ВУЗ: Не указан

Категория: Не указан

Дисциплина: Не указана

Добавлен: 10.09.2024

Просмотров: 341

Скачиваний: 0

ВНИМАНИЕ! Если данный файл нарушает Ваши авторские права, то обязательно сообщите нам.

Если результат совместного творчества режиссера и оператора по созданию изображения мы называем последовательностью пла­стических образов, то плод совместного труда режиссера и звуко­режиссера без всяких оговорок следует называть последовательно­стью звуковых и звукозрительных образов.

Самый блистательный в России звукооператор и педагог, автор нескольких интереснейших работ о кино Яков Евгеньевич Харон начинал цикл лекций для студентов с простого примера. Он пред­лагал записать, как ножом режется хлеб, а потом определить на что это больше всего похоже. Догадаться, что за теми звуками, которые идут с пленки, стоит процесс резания пшеничного батона оказа­лось невозможно. Звуки были больше похожи на звуки пилы. Я. Харон развил утверждение Р. Клера, что «прямое воспроизведение действительности не создавало впечатления реальности».

Больше того, далеко не всегда звук реального, снятого на плен­ку, объекта имеет право быть вставленным в окончательную фоно­грамму произведения, исключая, конечно, случай сугубо докумен­тального подхода к записи. Звуки различных действий, объектов и событий нельзя записать как-нибудь. Их следует отбирать, а сочетание звуков строить, как отбираются и строятся пластические образы фильмов и добротных передач.

Как правило, звуки, зафиксированные на пленку звукорежиссе­ром, несут на себе печать индивидуальности этого человека, его пристрастий, вкусов и взглядов. Поэтому даже звукотехник или ас­систент звукорежиссера, которого послали на запись шумов леса, должен обладать определенными склонностями и способностями для выполнения такого задания. Но самое сложно — собрать из нескольких такой звуковой образ или такую последовательность образов, которая будет одновременно соответствовать модели на­шего звукового мироощущения, отвечать требованиям восприятия и требованиям художественного подхода к творчеству. В процессе многократных проб и ошибок в работе со звуком в кино эти усло­вия обрели форму принципов, на которых базируется вся работа со звуком в экранном творчестве. Некоторые из них не так строги, как принципы межкадрового монтажа.

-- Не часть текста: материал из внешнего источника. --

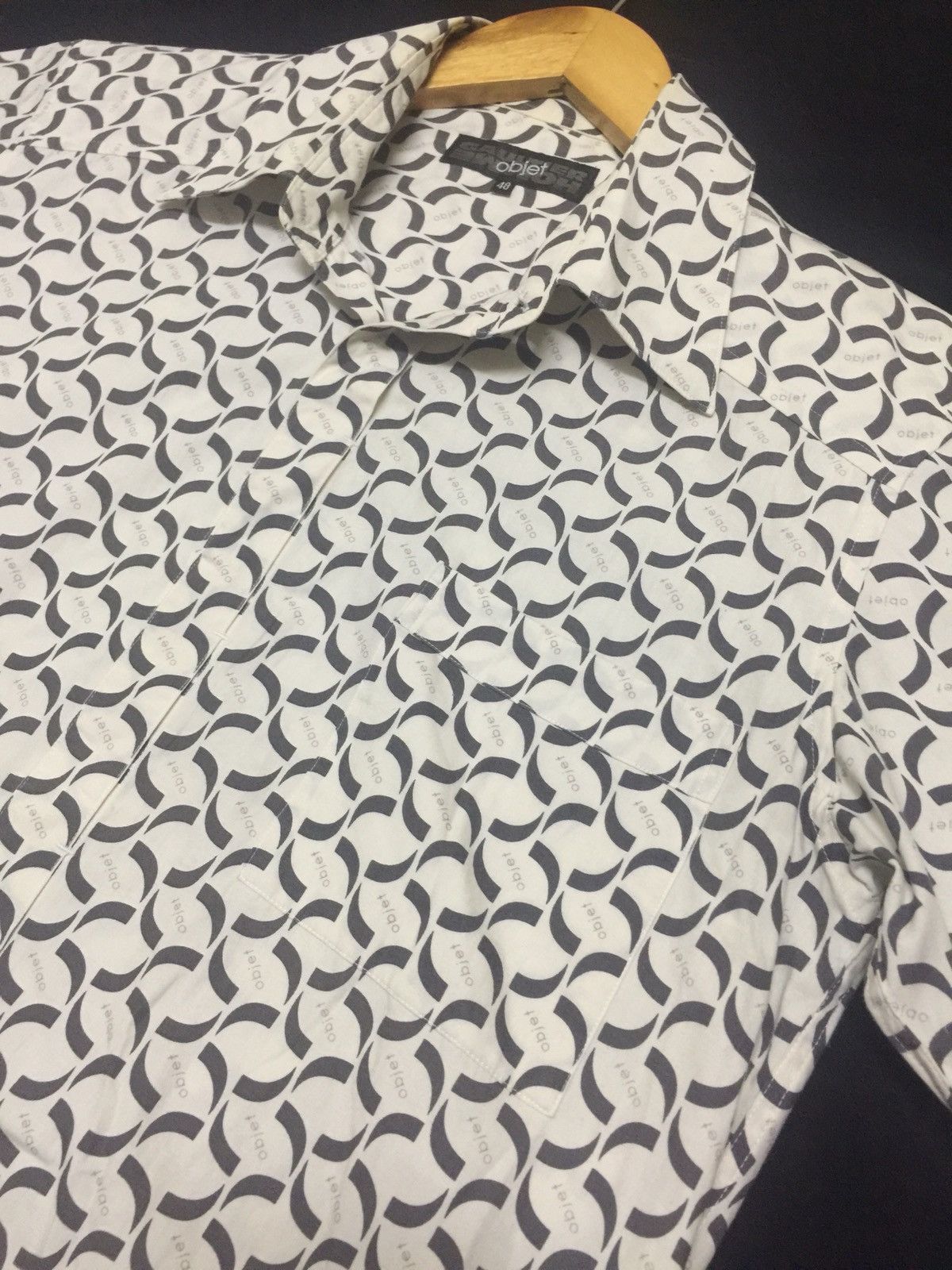 Gaultier Homme Objet JPG “Objet” All Over Print Shirt Size US M / EU 48-50 / 2 - 10 Thumbnail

Принцип первый. В фонограмме, сопровождающей экранное произведение, не может быть кусков без звука или без микрофон­ной паузы.

Мы привыкли к тому, что живем в постоянном звуковом окруже­нии, мы беспрерывно «купаемся» в звучащей живой или искусст­венной атмосфере. Даже во сне мы продолжаем слышать звуки, воздушные волны пусть слабо, но давят на наши перепонки и в это время.


Полное исчезновение звуков тут же вызовет у нас ощущение дискомфорта, мы начнем искать причину их отсутствия. Рань­ше, когда в кинотеатре вдруг исчезал звук, зрители начинали неистово топать ногами и кричать: «механика — на мыло!». Теперь, сидя у телевизора, мы тут же хватаемся за пульт, чтобы проверить: не сломался ли наш чудесный «ящик». И другой ре­акции быть не может. За этим стоит и сложившаяся культура нашего восприятия экранных произведений и психофизиоло­гия звукового восприятия.

Звук в любом фильме или в любой передаче беспрерывно сопро­вождает пластические образы и действие на экране. Он не может прерваться ни на одно мгновение.

В исключительных случаях, как самое редчайшее исключение из правила, как особый художественный прием, глубоко оправданный ходом событий, может использоваться исчезновение звука для вы­ражения необычного субъективного состояния героя, например, нео­жиданно потерявшего слух. И то требуется придирчивая проверка на экране: удовлетворяет ли применение этого приема художествен­ным правилам произведения. В этом случае может быть даже луч­ше использовать имитацию «гула в ушах» с помощью неприятного и монотонного звука, чем предлагать зрителю полное отсутствие звуков в фонограмме. Возможно, эффект «заложенных ушей», как в самолете или при спускании в шахту на километр, будет более уместным.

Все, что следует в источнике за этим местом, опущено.